(SUPPLIED DATA begins)

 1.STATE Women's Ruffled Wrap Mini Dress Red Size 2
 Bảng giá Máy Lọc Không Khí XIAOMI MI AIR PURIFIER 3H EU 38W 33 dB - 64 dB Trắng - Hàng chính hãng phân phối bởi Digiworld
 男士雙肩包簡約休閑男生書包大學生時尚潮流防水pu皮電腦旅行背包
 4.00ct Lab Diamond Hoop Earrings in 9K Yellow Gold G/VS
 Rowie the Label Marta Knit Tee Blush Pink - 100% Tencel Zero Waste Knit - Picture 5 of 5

(SUPPLIED DATA ends)
(SUPPLIED DATA begins)

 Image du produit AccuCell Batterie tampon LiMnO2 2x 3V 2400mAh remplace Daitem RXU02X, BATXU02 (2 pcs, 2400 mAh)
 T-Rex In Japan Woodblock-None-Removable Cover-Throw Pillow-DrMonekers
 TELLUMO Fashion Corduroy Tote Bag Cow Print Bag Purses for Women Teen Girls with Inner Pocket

(SUPPLIED DATA ends)

Of the lines above, retype only those from the line containing "Bảng giá Máy" through the line containing "Rowie the Label", including both, exactly.

 Bảng giá Máy Lọc Không Khí XIAOMI MI AIR PURIFIER 3H EU 38W 33 dB - 64 dB Trắng - Hàng chính hãng phân phối bởi Digiworld
 男士雙肩包簡約休閑男生書包大學生時尚潮流防水pu皮電腦旅行背包
 4.00ct Lab Diamond Hoop Earrings in 9K Yellow Gold G/VS
 Rowie the Label Marta Knit Tee Blush Pink - 100% Tencel Zero Waste Knit - Picture 5 of 5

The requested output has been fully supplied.